I'm not against miracles, mind you. I just want to know how they happened. Even a miracle needs to go from state A, pre-miracle, to state B, post-miracle. To say, "That's what makes it a miracle" is to fudge the answer.
Consider Lazarus. He was pretty far gone by the time Jesus got there. I think the Bible says, "he stinketh." So, between the time of "Lazarus, come forth," and Lazarus walking out saying, "Can someone help me with these wrappings?" something happened.
See, the little devils that come to life when we die were busily working inside Lazarus, having a wonderful time, but Lazarus' body was already degenerating, bloating, liquefying and all that other disgusting stuff.

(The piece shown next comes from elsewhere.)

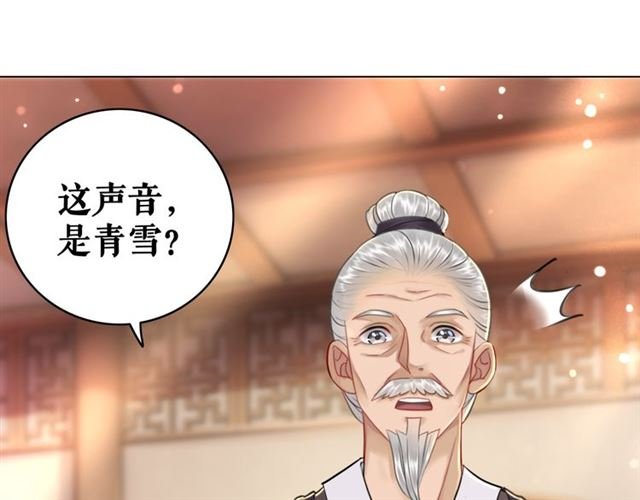 第113话 令人头痛的婚契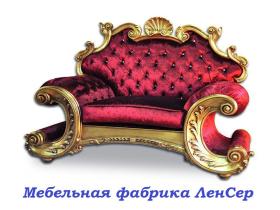 Мебельная фабрика «ЛенСер»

So, one of two things could have happened. First, Lazarus could have simply been re-animated. Made alive. I don't have too much trouble with that, because we can nearly do that in the lab now. On the other hand, Lazarus wouldn't have been all that attractive. We have a name for people like this -- Zombie.

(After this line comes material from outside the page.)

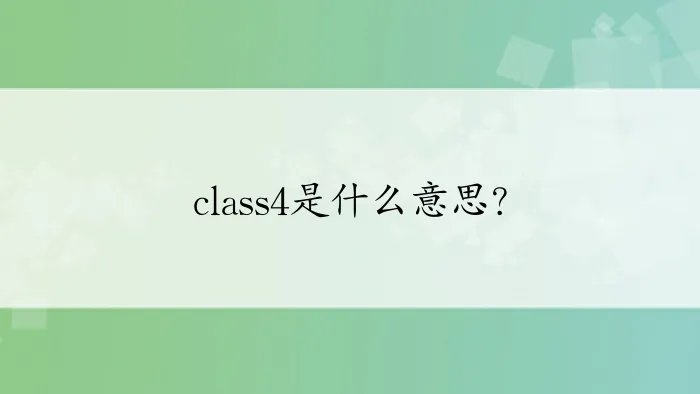 class4是什么意思？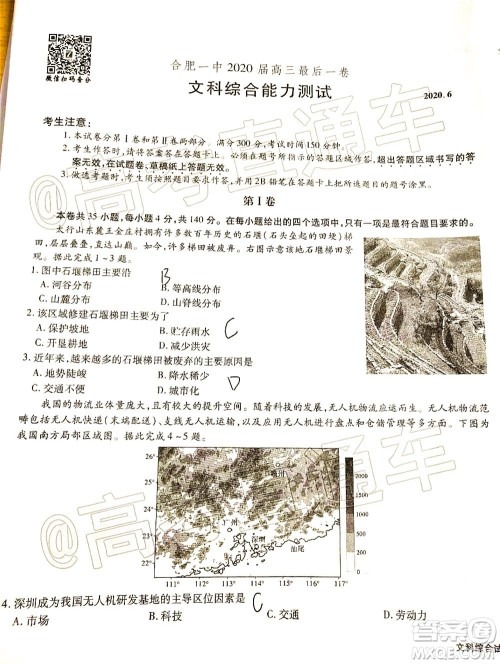 合肥一中2020届高三最后一卷文科综合试题及答案 合肥一中2020届高三最后一卷文科综合试题及答案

Second, Lazarus' body could have been reconstituted. Not just firmed up, you understand, but rebuilt completely, on a cellular level. Including the brain, which, in case you forgot has 100 billion neurons and countless memory traces.
Such a process would take a tremendous amount of energy, and would probably generate a lot of heat.

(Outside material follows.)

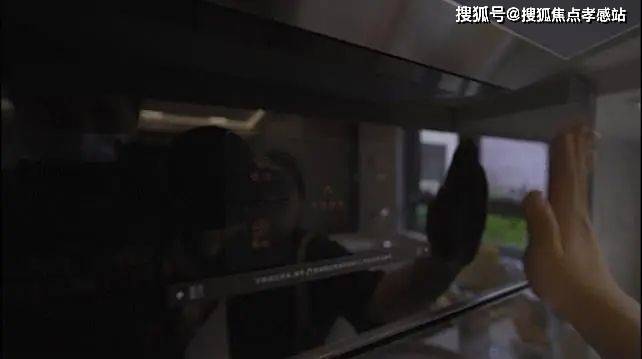 官✦保利海上瑧悦网站㊣保利海上瑧悦售楼处发布@售楼处(图33)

"Yes, but," you say, "That's what makes it a miracle." And that's what bothers me. I'm sure that there are lots of fidgety laws any god worthy of the name can get around, but it seems to me unlikely that even a god can alter the fundamental building blocks of the universe.
At this point, people will either say, "God can do anything he wants to," or start to spout some post-modern stuff about sub-atomic physics and Schroeder's cat. In either case, they've lost me, since I don't buy either point.